The issue of how to define religion came to the forefront of the news in Clay County, Minnesota, Sunday, where a new $20 fee was instituted for all filing of ordination credentials with the county. While the new fee reverses the long-established trend of charging no fee for the filing of ordination credentials, the action refrains from constraining the definition of eligible religions to mainline Christian traditions, reflecting protections granted by the First Amendment.
While this move is good news for those of us who invoke the First Amendment in defending freedom of and from religion, it illustrates the controversial status of many minority religions as well as the potential of an unconstitutional bias towards mainline churches which squeezes smaller religions out of the picture. Clearly, many of the laws which govern the United States are not in place to cater to the majority, but rather to protect the minority in affairs which do not involve the majority, and this fact is what stirs the ire in many critics of minority-faith clergy, including atheists, who get the go-ahead to file their ordination credentials.

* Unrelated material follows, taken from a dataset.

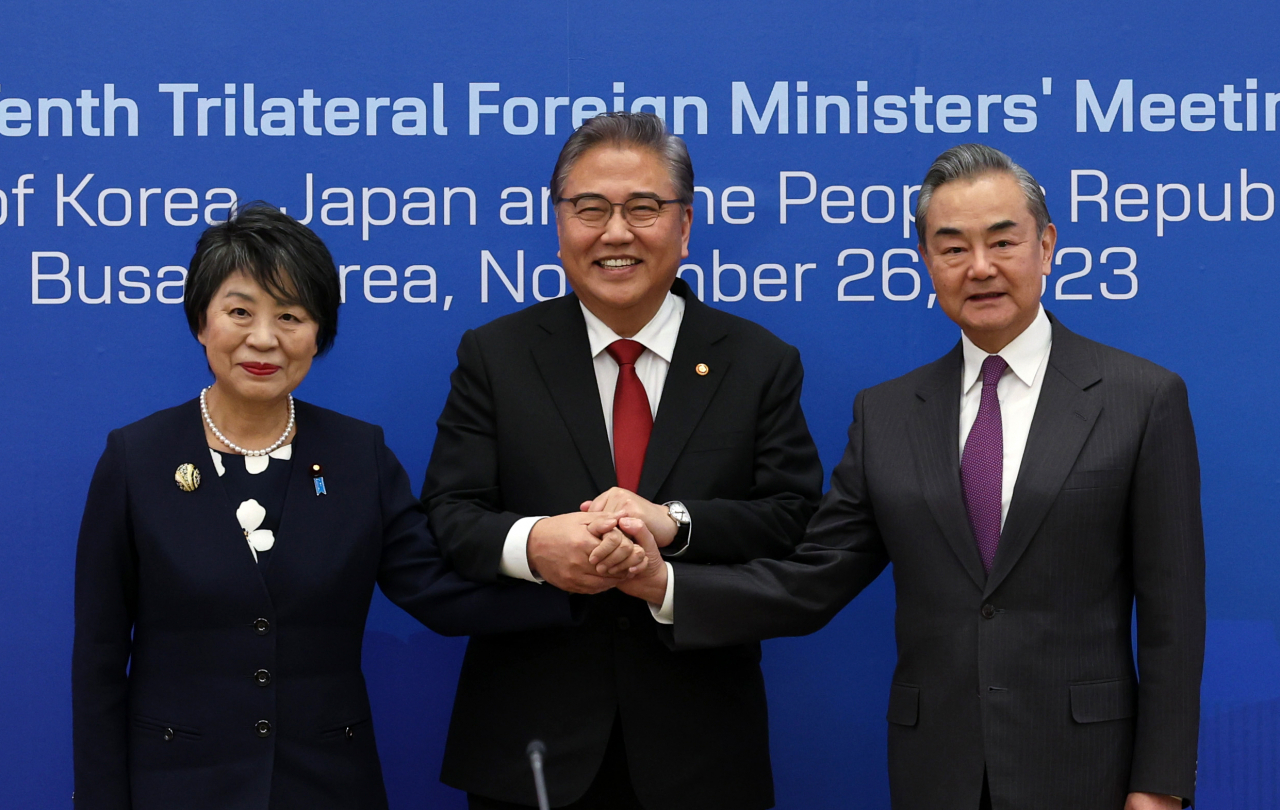 South Korean Foreign Minister Park Jin (center) poses for a photo with Chinese Foreign Minister Wang Yi (right) and Japanese Foreign Minister Yoko Kamikawa before their trilateral talks in the southeastern port city of Busan on Sunday. (Yonhap)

The controversial nature of clergy from myriad faiths filing their credentials alongside Catholics and Protestants is highlighted by the fact that Clay County Recorder Bonnie Rehder was forced to pose the rhetorical question, “Who are we to say which religion is legitimate and which one isn’t?” according to Dave Olson of INFORUM. The objections many mainline churches have towards these credential filings reflect an apprehension over the ease and accessibility of the ordination process in the associated churches. As Olson reports, “In 2009, about a dozen people filed credentials that appeared to come from Web sites like the one maintained by the Universal Life Church of California, which issues credentials after asking for a minimum of information from would-be ministers.” Clergy belonging to mainline churches might understandably feel offended by Clay County honoring these easily-obtained credentials, considering the long and arduous academic work such clergy take on in their own churches to qualify as a legally ordained minister. However, the First Amendment does not define a religion as an organization in which prospective ministers must undergo rigorous academic training to earn their ordination credential.
Indeed, the definition of a valid, qualifying organization whose clergy apply to have their credentials filed is rather murky and amorphous. As Olson reports, “Rehder said workers [who file credentials in Clay County or anywhere else] have no means of challenging the legitimacy of someone’s religion, a term whose meaning, she said, is hard to pin down”. But perhaps such amorphousness in the definition of religion allows traditionally overlooked or marginalized groups the legal right to do ministerial work, as perform wedding ceremonies, for those who reject mainline churches and their doctrines. One example is that of Charles Kesler, an atheist who filed his credential from the Universal Life Church Web site with Clay County. “My main motivation”, Olson reports Kesler as saying, “was friends and associates that wanted to get married, but don’t really follow the Roman Catholic or Christian ways”. Atheists such as Kesler merely seek the right to perform wedding ceremonies through a non-denominational religion, which, of course, the United States federal government cannot invalidate without violating the religious neutrality dictated by the First Amendment.
Even if Kesler did not go through Universal Life Church to obtain his ordination credential, atheism itself may qualify as a religion anyway: as David Rosman suggests in his column in the Columbia Missourian, atheism is ” a theological, philosophical, anthropological, sociological, and psychological phenomenon of human kind”, meeting the criterion of religion formulated by religious philosopher and blogger Kile Jones. Thus, any jurisdiction, and not just the tiny county of Clay, would have to recognize an ordination credential from an atheist organization as well as, for example, an evangelical Christian one.
It is a relief that we still have the First Amendment in place to settle this potential problem for us once and for all. Being a non-denominational and ecumenical church, Universal Life Church Monastery understands the rights of ordained ministers to perform their work regardless of which religion they subscribe to. The fact that non-traditional ordination still ruffles the feathers of more conservative churches forces us to maintain vigilantly that every church has the right to recognize its ministers as it chooses, and that such individuals qualify equally with any other to perform legally the rites of his or her church.